Sketch the region enclosed by the given curves. Decide whether to integrate with respect to x or y. Then find the area of the region. 2y = 4(x^(1/2)), y=4, and 2y +2x = 6
I keep getting an area around 21.3 but it is incorrect. Am I close?
Thank you!
odd that one function is written as
2y = 4√x
why not just y = 2√x ?
Anyway, assuming the functions are correctly written, the area is roughly triangular, with vertices at (-1,4),(1,2),(4,4)
Integrating along x, we need to divide it up into two regions, over [-1,1] and [1,4]
a = ∫[-1,1] 4 - (3-x) dx + ∫[1,4] 4 - 2√x dx
= (x + 1/2 x^2)[-1,1] + (4x - 4/3 x^(3/2))[1,4]
= 2 + 8/3
= 14/3
Integrating along y is easier, since we just subtract the left from the right:
a = ∫[2,4] y^2/4 - (3-y) dy
= y^3/12 + y^2/2 - 3y [2,4]
= 14/3
To find the area of the region enclosed by the given curves, we need to first sketch the region and decide whether to integrate with respect to x or y.

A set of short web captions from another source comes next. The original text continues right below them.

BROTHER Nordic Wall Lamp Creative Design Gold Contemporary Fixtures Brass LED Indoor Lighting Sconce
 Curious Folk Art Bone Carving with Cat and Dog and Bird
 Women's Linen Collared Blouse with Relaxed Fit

Let's start by sketching the curves. The first equation, 2y = 4(x^(1/2)), represents a curve that is a square root function. To sketch it, we can rewrite the equation as y = 2(x^(1/2)). The resulting curve is a right-ward opening parabola that passes through the origin (0,0).
The second equation, y = 4, represents a horizontal line parallel to the x-axis and passing through y = 4.
The third equation, 2y + 2x = 6, can be rewritten as y = 3 - x. This equation represents a straight line with a negative slope passing through the points (0,3) and (3,0).
Now, let's determine the region enclosed by the curves. The region is enclosed between the square root function curve y = 2(x^(1/2)), the horizontal line y = 4, and the line y = 3 - x.
To find the area of this region, we need to integrate with respect to x or y. In this case, it is simpler to integrate with respect to x.
To find the interval for integration, we need to find the x-values where the curves intersect.
The square root function curve and the horizontal line intersect when 2(x^(1/2)) = 4. Solving for x, we get x = 4.
The square root function curve and the straight line intersect when 2(x^(1/2)) = 3 - x. Solving for x, we get x = 1.
Therefore, the interval for integration is from x = 1 to x = 4.
To find the area, we need to integrate the difference between the top curve and the bottom curve within this interval. The top curve is y = 4, and the bottom curve is y = 2(x^(1/2)).
Since we are integrating with respect to x, the integral for the area is given by:
A = ∫[1 to 4] [4 - 2(x^(1/2))] dx
Evaluating this integral, we get:
A = [4x - 4(x^(3/2))/3] [1 to 4]
= [16 - 4(8/3)/3] - [4 - 4(1^(3/2))/3]
= (16 - 32/3) - (4 - 4/3)
= (48/3 - 32/3) - (12/3 - 4/3)
= (16/3) - (8/3)
= 8/3
Therefore, the area of the region enclosed by the given curves is 8/3 or approximately 2.67 units squared.
Your calculated area is 21.3, which is significantly larger than the correct answer. It seems like a mistake was made in the calculation. Double-check the integration and arithmetic steps to ensure accuracy.